Availability-and-Price-Prediction-of-Ride-Sharing-Apps-like-Uber_Lyft

Abstract

Application based transportation system, like Uber and Lyft, has brought new perspective of transportation mode to clients, who can reserve a spot using Mobile applications conveniently. The capability of a productive ride-sharing plan to essentially decrease traffic, congestion, and drivers’ pressure, just as working with the presentation of brilliant urban communities has been generally shown lately. This positive push anyway is confronted with a few postponing factors, one of which is the instability and unpredictability of the potential benefit of ridesharing at various occasions, and in different places.

Data Collection

Data was fetched through API’s from real time server. Uber and Lft. The raw data chunks was then put into a csv file and was sent to pre processing steps further.

Main Dataset

Uber API: https://developer.uber.com/ Lyft API: https://www.lyft.com/developers Yelp API: https://www.yelp.com/developers

Connceptual Dataset

Events Datasets: • Description: The dataset we tried to use was used to estimate the hypothesis for our assessment and was able to define a correlation/feature similarity in prices/availability and traffic caused by different and frequent events. The information for the dataset is decribed as following: Link: https://data.cityofchicago.org/Events/Public-Health-Department-Events/38sz-xyf4/data
Traffic Data set: • Description: MapQuest is an free open source web mapping service built on crowd-sourced data as an alternative to Google maps. The services provides an real time traffic information API. The API requires: API key ( to uniquely identify each user) and latitude/longitude of area of Chicago. Link: http://www.mapquestapi.com/traffic/v2/incidents

Implementation

Linear Regression

Linear regression attempts to model the relationship between two variables by fitting a linear equation to observed data. One variable is considered to be an explanatory variable, and the other is considered to be a dependent variable. For example, a modeler might want to relate the weights of individuals to their heights using a linear regression model.

Before attempting to fit a linear model to observed data, a modeler should first determine whether or not there is a relationship between the variables of interest. This does not necessarily imply that one variable causes the other (for example, higher SAT scores do not cause higher college grades), but that there is some significant association between the two variables.

A linear regression line has an equation of the form Y = a + bX, where X is the explanatory variable and Y is the dependent variable. The slope of the line is b, and a is the intercept (the value of y when x = 0). [1]

Random Forest Regression

A random forest is a meta estimator that fits a number of classifying decision trees on various sub-samples of the dataset and use averaging to improve the predictive accuracy and control over-fitting.

The Random Forest solves the instability problem using bagging. We simply estimate the desired Regression Tree on many bootstrap samples (re-sample the data many times with replacement and re-estimate the model) and make the final prediction as the average of the predictions across the trees.

There is one small (but important) detail to add. The Random Forest adds a new source of instability to the individual trees. Every time we calculate a new optimal variable-observation point to split the tree, we do not use all variables. Instead, we randomly select 2/3 of the variables. This will make the individual trees even more unstable, but as I mentioned here, bagging benefits from instability.

XGB Boost Regression

Extreme Gradient Boosting (XGBoost) is an open-source library that provides an efficient and effective implementation of the gradient boosting algorithm. ... XGBoost is an efficient implementation of gradient boosting that can be used for regression predictive modeling.

**CONCLUSIONS:** We can see that the regression error, random forest error is much less compared to the baseline error, but still significant enough to decrease the accuracy of our prediction.

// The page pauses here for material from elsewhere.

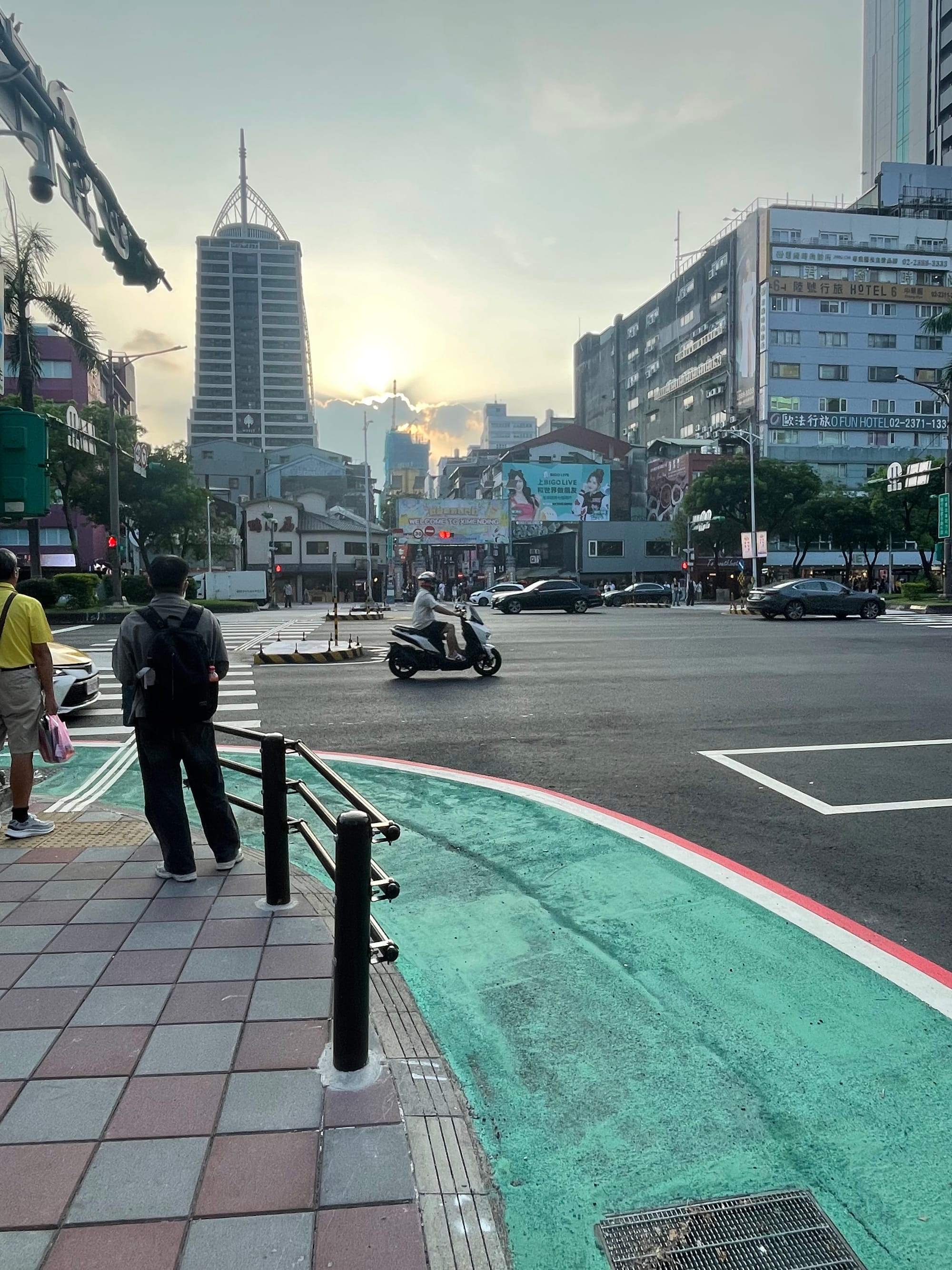 A colorful sidewalk before the entrance to Ximending, the queer neighborhood of Taipei. Sun shines behind cool clouds on the horizon.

Time Series Analysis in Deep Learning with TensorFlow

Deep learning is a machine learning technique that teaches computers to do what comes naturally to humans: learn by example. Deep usually means the number of hidden layers in the neural network. The layers of deep networks can be more than 150. Deep learning models are trained by using large sets of labeled data and neural network architectures that learn features directly from the data without the need for manual feature extraction.

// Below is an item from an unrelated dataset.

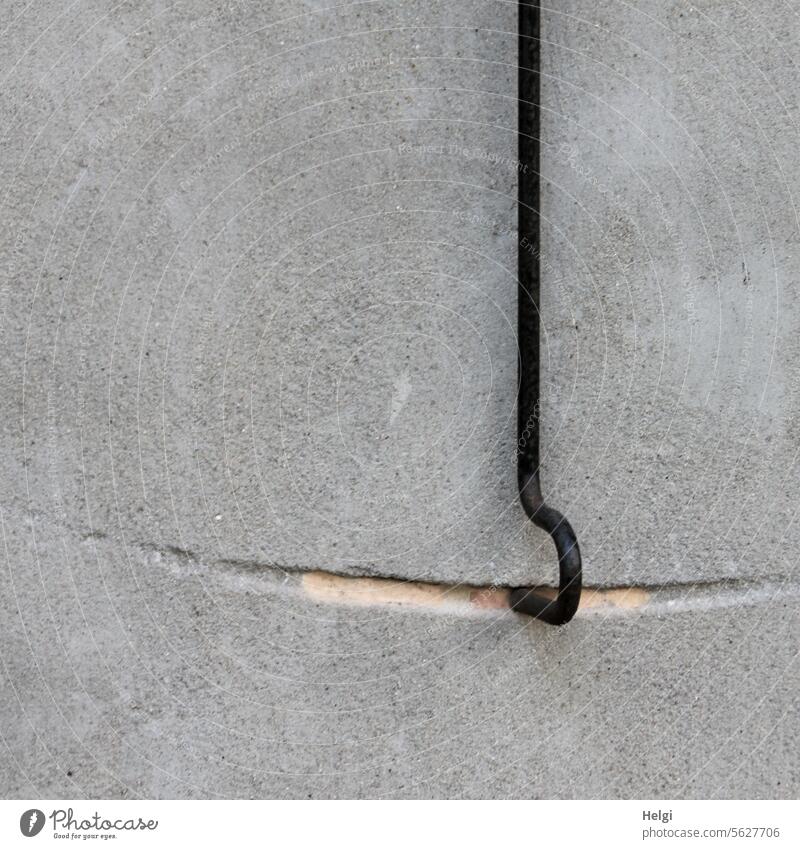 !Trash! 2023 | A constant hook wears away the stone Wall (building) Wall (barrier) Checkmark trace Concave Metal Stone Deserted Colour photo Exterior shot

Long Short Term Memory LSTM (Long Short Term Memory networks) don’t have a fundamentally different architecture from RNNs, but they use a different function to compute the hidden state. [3] The memory in LSTMs are called cells and they are used to take the from previous state input and current input. Internally these cells decide what to keep in memory. They then combine the previous state, the current memory, and the input. LSTMs are explicitly designed to avoid the long-term dependency problem as they can remember information for long periods of time. LSTM have chain like structure, but the repeating module has a different structure.

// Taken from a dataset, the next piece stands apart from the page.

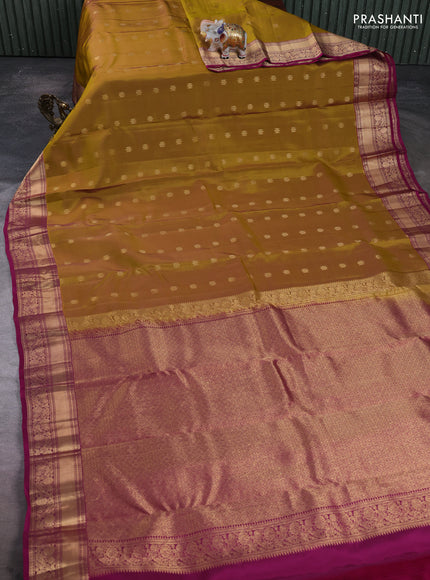 Kanchipuram silk saree dark mustard and dark magenta pink with allover zari woven buttas and rich zari woven border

Time Series Analysis with Moving Average

A Moving Average (rolling average or running average) is a calculation to analyze data points by creating series of averages of different subsets of the full data set. Given a series of numbers and a fixed subset size, the ** first element ** of the moving average is obtained by taking the average of the ** initial fixed subset ** of the number series.

Simple Moving Average The simplest form of a moving average, appropriately known as a simple moving average (SMA), is calculated by taking the ** arithmetic mean ** of a given set of values. In other words, a set of numbers, are added together and then divided by the number in the set.

2. Exponential Moving Average However, there is still a probelm, when we calcualte the simple moving average, we use each point in the data series as the same weighting, regardless of where it occurs in the sequence.

But in real analysis, the most recent data is more significant than the older data and should have a greater influence on the final result. So, if we give higher importance to recent data, we can get a new kind of MA Model - ** Exponential Moving Average ** (EMA).

3. Weighted Moving Average By looking at the calculation of the EMA, you will notice that more emphasis is placed on the recent data points, making it a type of ** Weighted Moving Average **.

The WMA is a weighted average of the last n prices, where the weighting decreases with each previous price. This is a similar concept to the EMA, but the calculation for the WMA is different.

(Price X weighting factor) + (Price previous period X weighting factor-1)...

If there are four prices you want a weighted moving average of, then the most recent weighting could be 4/10, the period before could have a weight of 3/10, the period prior to that could have a weighting of 2/10, and so on. 10 is a randomly picked number, and a weight of 4/10 means the most recent price will account for 40% of the value of the WMA. The price three periods ago only accounts of 10% of the WMA value.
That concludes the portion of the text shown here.